NSF Award Search: Award # 1553421 - CAREER: Algorithms for Domain-Level Analysis of Gene Family Evolution

Award Abstract # 1553421

CAREER: Algorithms for Domain-Level Analysis of Gene Family Evolution

NSF Org:	IIS Division of Information & Intelligent Systems
Recipient:	UNIVERSITY OF CONNECTICUT
Initial Amendment Date:	January 29, 2016
Latest Amendment Date:	January 29, 2019
Award Number:	1553421
Award Instrument:	Continuing Grant
Program Manager:	Sylvia Spengler sspengle@nsf.gov (703)292-7347 IIS Division of Information & Intelligent Systems CSE Directorate for Computer and Information Science and Engineering
Start Date:	February 1, 2016
End Date:	January 31, 2023 (Estimated)
Total Intended Award Amount:	$499,576.00
Total Awarded Amount to Date:	$499,576.00
Funds Obligated to Date:	FY 2016 = $198,388.00 FY 2017 = $93,774.00 FY 2018 = $101,102.00 FY 2019 = $106,312.00
History of Investigator:	Mukul Bansal (Principal Investigator) mukul.bansal@uconn.edu
Recipient Sponsored Research Office:	University of Connecticut 438 WHITNEY RD EXTENSION UNIT 1133 STORRS CT US 06269-9018 (860)486-3622
Sponsor Congressional District:	02
Primary Place of Performance:	University of Connecticut 371 Fairfield Way Storrs CT US 06269-4155
Primary Place of Performance Congressional District:	02
Unique Entity Identifier (UEI):	WNTPS995QBM7
Parent UEI:
NSF Program(s):	Info Integration & Informatics
Primary Program Source:	01001617DB NSF RESEARCH & RELATED ACTIVIT 01001718DB NSF RESEARCH & RELATED ACTIVIT 01001819DB NSF RESEARCH & RELATED ACTIVIT 01001920DB NSF RESEARCH & RELATED ACTIVIT
Program Reference Code(s):	1045, 7364
Program Element Code(s):	736400
Award Agency Code:	4900
Fund Agency Code:	4900
Assistance Listing Number(s):	47.070

ABSTRACT

The genome of an organism helps to determine its biology. Understanding how different genes evolve and acquire new functions is a fundamental biological problem with many computational methods developed for studying how gene families evolve and change over time in different organisms. These existing methods assume that the gene is the basic unit of evolution and that evolutionary processes such as gene duplication, gene loss, and horizontal gene transfer act on entire genes, rather than on parts of genes. It is well known that most genes consist of one or more "protein domains," well-characterized functional units that can be independently lost or gained during evolution, and that domain shuffling is one of the primary mechanisms through which genes evolve and gain new functions. Proper inference and accounting of domain-level evolutionary events is therefore crucial to understanding how genes evolve and function. The proposed research will lay the methodological and algorithmic foundations for a novel computational framework that addresses this critical problem. The new computational framework and algorithms will enable more powerful comparative genomic techniques for understanding gene function and biology, and may also contribute to improvements in human health and agriculture. The proposed research will shape future computational advances in the study of domain, gene, and genome evolution for many years to come, and will also spur the development of more comprehensive computational models in other areas of molecular evolution. The algorithms developed as part of this research will be implemented into a user-friendly software package and made freely available. The project will directly involve two graduate and up to ten undergraduate students, introduce several high-school students to computer science, bioinformatics, and research, and provide training to many high-school science teachers on the role of computer science in biology.

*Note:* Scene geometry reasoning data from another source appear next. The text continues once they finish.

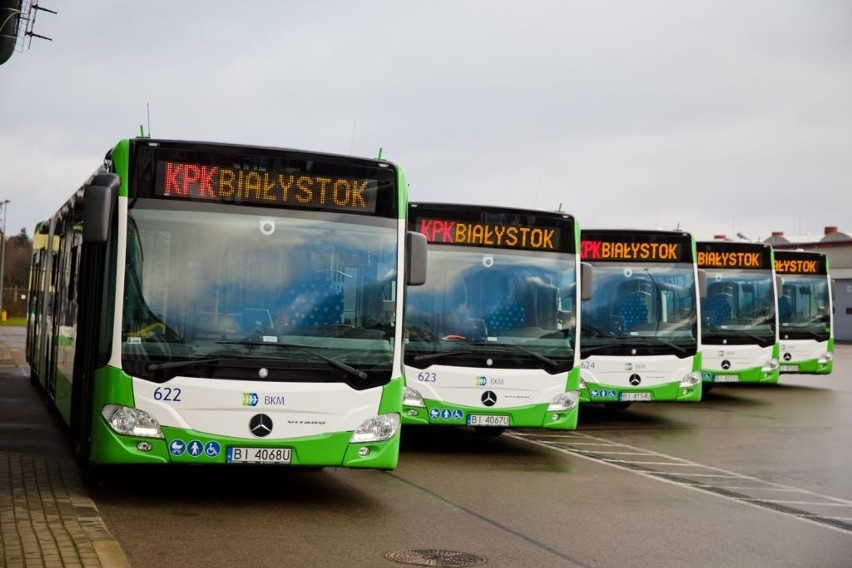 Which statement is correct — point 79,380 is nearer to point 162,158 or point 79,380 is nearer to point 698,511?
point 162,158

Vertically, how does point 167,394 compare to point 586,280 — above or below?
below

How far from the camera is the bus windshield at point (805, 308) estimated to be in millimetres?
27828

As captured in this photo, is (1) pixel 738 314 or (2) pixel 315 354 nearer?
(2) pixel 315 354

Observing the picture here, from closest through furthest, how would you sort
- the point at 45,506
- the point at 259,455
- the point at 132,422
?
the point at 45,506 → the point at 132,422 → the point at 259,455

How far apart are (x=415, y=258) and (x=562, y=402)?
13.5 feet

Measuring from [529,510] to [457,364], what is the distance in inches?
149

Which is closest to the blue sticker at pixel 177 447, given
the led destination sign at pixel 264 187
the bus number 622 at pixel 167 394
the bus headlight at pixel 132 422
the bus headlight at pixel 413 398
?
the bus headlight at pixel 132 422

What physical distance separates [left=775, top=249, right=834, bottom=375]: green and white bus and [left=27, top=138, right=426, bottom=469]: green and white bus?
63.1ft

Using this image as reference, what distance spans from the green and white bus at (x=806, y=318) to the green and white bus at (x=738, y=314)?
10.1ft

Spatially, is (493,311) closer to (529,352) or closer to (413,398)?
(529,352)

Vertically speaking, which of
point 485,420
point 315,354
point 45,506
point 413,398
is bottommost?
point 45,506

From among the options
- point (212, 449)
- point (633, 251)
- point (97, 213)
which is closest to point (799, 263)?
point (633, 251)

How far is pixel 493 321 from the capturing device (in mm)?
14281

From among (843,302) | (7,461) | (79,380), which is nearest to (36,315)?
(7,461) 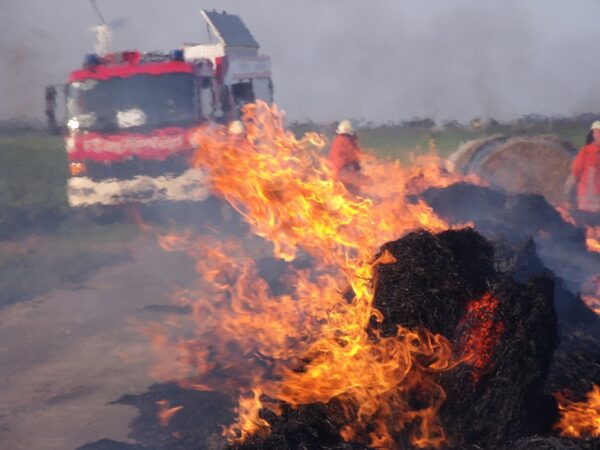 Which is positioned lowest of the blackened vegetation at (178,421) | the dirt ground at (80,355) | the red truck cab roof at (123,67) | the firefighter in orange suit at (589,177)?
the blackened vegetation at (178,421)

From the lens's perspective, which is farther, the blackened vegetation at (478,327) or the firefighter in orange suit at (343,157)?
the firefighter in orange suit at (343,157)

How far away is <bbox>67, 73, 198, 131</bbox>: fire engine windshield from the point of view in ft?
47.5

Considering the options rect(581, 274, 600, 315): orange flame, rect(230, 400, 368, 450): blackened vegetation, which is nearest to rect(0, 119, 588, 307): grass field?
rect(581, 274, 600, 315): orange flame

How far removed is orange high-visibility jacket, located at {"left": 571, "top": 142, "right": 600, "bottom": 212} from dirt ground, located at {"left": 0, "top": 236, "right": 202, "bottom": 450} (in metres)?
7.26

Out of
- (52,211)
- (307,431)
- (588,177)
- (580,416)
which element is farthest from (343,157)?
(52,211)

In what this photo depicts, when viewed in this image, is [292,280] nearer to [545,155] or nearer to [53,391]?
[53,391]

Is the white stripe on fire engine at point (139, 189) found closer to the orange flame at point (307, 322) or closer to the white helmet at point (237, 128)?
the white helmet at point (237, 128)

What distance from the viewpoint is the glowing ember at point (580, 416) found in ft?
15.7

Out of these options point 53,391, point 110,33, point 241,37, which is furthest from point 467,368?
point 110,33

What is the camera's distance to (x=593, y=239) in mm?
10492

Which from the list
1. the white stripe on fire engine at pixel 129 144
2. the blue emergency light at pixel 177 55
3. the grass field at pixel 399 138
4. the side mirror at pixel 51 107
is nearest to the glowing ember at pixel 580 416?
the white stripe on fire engine at pixel 129 144

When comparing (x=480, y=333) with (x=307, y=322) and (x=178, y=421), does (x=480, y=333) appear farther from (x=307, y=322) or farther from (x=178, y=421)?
(x=178, y=421)

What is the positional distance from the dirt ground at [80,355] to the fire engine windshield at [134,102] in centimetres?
369

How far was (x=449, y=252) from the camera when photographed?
552 centimetres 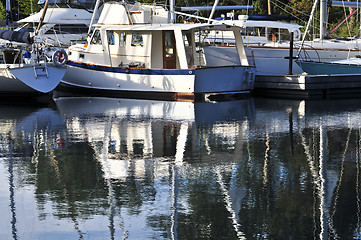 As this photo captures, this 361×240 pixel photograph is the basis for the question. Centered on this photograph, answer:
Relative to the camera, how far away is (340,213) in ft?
31.4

This project will lead to the development of the first "three-tree" model of domain evolution that explicitly captures the interdependence of domain-, gene-, and species-level evolution. The proposed three-tree computational framework is based on phylogenetic reconciliation, where the goal is to find a most parsimonious joint reconciliation of the given gene trees with the species tree and of the given domain trees with the gene trees. The resulting optimization problems will be solved using various algorithmic techniques including dynamic programming, branch and bound, enumeration and sampling, and local search. The framework will decouple domain-level events from gene-level events and provide a fine-grained view of gene family and domain family evolution that is both more accurate and much easier to interpret. Specific aims include: (i) development of the three-tree computational framework and corresponding algorithms, (ii) enhancing inference accuracy by accounting for multiple optima and domain tree errors, and (iii) extension of the three-tree framework to microbial gene families by allowing for horizontal gene transfer.

PUBLICATIONS PRODUCED AS A RESULT OF THIS RESEARCH

Note: When clicking on a Digital Object Identifier (DOI) number, you will be taken to an external site maintained by the publisher. Some full text articles may not yet be available without a charge during the embargo (administrative interval).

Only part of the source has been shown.